Replace as_target context managers by direct calls (#18325)

* Preliminary work on tokenizers * Quality + fix tests * Treat processors * Fix pad * Remove all uses of in tests, docs and examples * Replace all as_target_tokenizer * Fix tests * Fix quality * Update examples/flax/image-captioning/run_image_captioning_flax.py Co-authored-by: amyeroberts <amy@huggingface.co> * Style Co-authored-by: amyeroberts <amy@huggingface.co>
2022-07-29 08:09:09 -04:00
parent a64bcb564d
commit 986526a0e4
80 changed files with 725 additions and 550 deletions
--- a/examples/flax/image-captioning/run_image_captioning_flax.py
+++ b/examples/flax/image-captioning/run_image_captioning_flax.py
@@ -552,11 +552,14 @@ def main():
        targets = captions

        model_inputs = {}
-        # Setup the tokenizer for targets
-        with tokenizer.as_target_tokenizer():
-            labels = tokenizer(
-                targets, max_length=max_target_length, padding="max_length", truncation=True, return_tensors="np"
-            )
+
+        labels = tokenizer(
+            text_target=targets,
+            max_length=max_target_length,
+            padding="max_length",
+            truncation=True,
+            return_tensors="np",
+        )
        model_inputs["labels"] = labels["input_ids"]
        decoder_input_ids = shift_tokens_right_fn(
            labels["input_ids"], model.config.pad_token_id, model.config.decoder_start_token_id
--- a/examples/flax/summarization/run_summarization_flax.py
+++ b/examples/flax/summarization/run_summarization_flax.py
@@ -590,10 +590,13 @@ def main():
        )

        # Setup the tokenizer for targets
-        with tokenizer.as_target_tokenizer():
-            labels = tokenizer(
-                targets, max_length=max_target_length, padding="max_length", truncation=True, return_tensors="np"
-            )
+        labels = tokenizer(
+            text_target=targets,
+            max_length=max_target_length,
+            padding="max_length",
+            truncation=True,
+            return_tensors="np",
+        )

        model_inputs["labels"] = labels["input_ids"]
        decoder_input_ids = shift_tokens_right_fn(
--- a/examples/pytorch/question-answering/run_seq2seq_qa.py
+++ b/examples/pytorch/question-answering/run_seq2seq_qa.py
@@ -453,9 +453,8 @@ def main():
        inputs, targets = preprocess_squad_batch(examples, question_column, context_column, answer_column)
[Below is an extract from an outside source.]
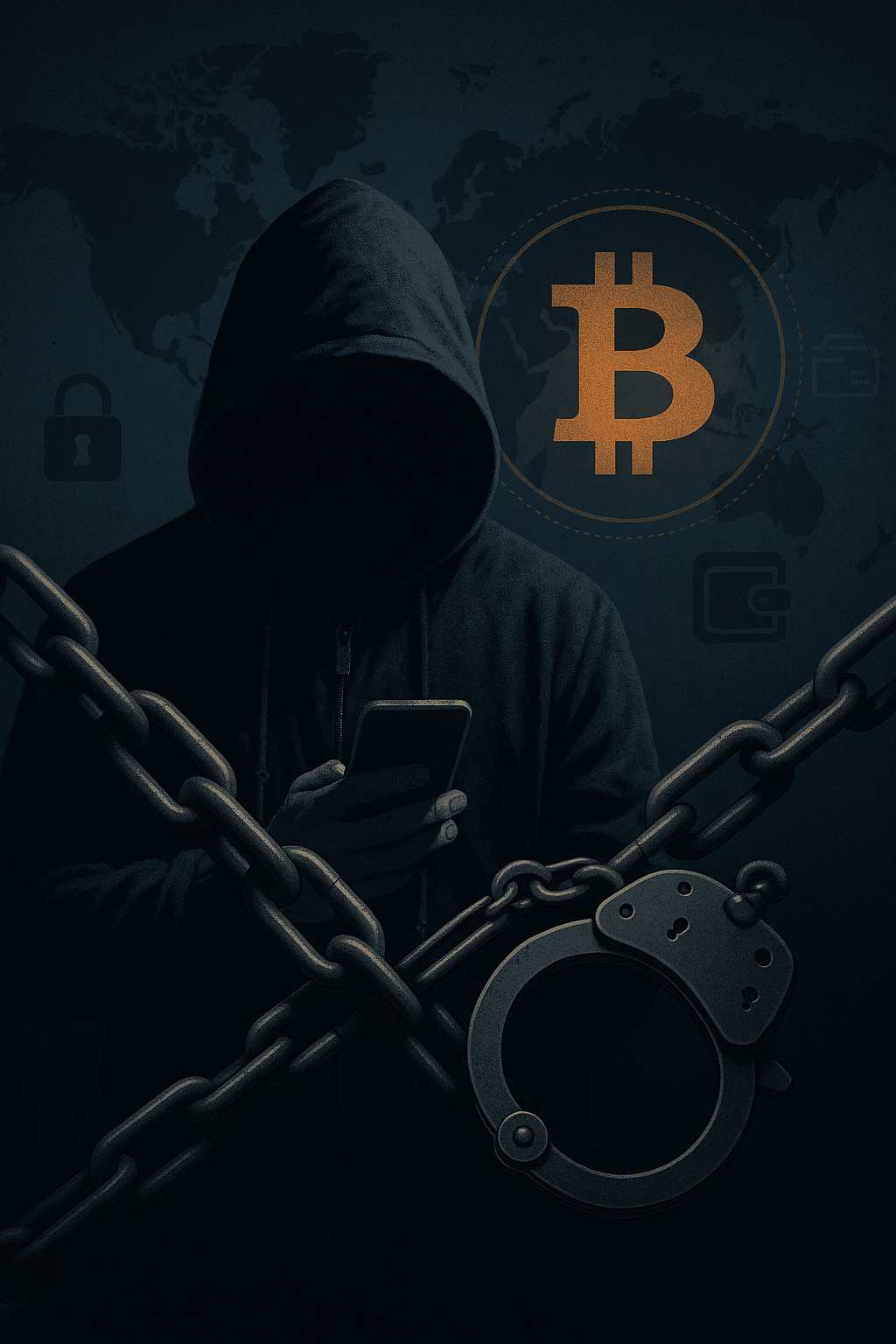 Bitcoin, Crypto Crime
        model_inputs = tokenizer(inputs, max_length=max_seq_length, padding=padding, truncation=True)
-        # Setup the tokenizer for targets
-        with tokenizer.as_target_tokenizer():
-            labels = tokenizer(targets, max_length=max_answer_length, padding=padding, truncation=True)
+        # Tokenize targets with text_target=...
+        labels = tokenizer(text_target=targets, max_length=max_answer_length, padding=padding, truncation=True)
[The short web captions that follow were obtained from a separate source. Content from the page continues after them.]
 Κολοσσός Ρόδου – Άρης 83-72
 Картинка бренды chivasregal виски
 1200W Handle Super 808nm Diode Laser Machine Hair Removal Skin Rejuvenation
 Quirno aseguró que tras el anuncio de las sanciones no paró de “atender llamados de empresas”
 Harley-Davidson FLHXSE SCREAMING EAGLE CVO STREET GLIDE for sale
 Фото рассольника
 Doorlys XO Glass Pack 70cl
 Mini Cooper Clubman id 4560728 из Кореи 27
        # If we are padding here, replace all tokenizer.pad_token_id in the labels by -100 when we want to ignore
        # padding in the loss.
@@ -479,9 +478,8 @@ def main():
            return_overflowing_tokens=True,
            return_offsets_mapping=True,
        )
-        # Setup the tokenizer for targets
-        with tokenizer.as_target_tokenizer():
-            labels = tokenizer(targets, max_length=max_answer_length, padding=padding, truncation=True)
+        # Tokenize targets with the `text_target` keyword argument
+        labels = tokenizer(text_target=targets, max_length=max_answer_length, padding=padding, truncation=True)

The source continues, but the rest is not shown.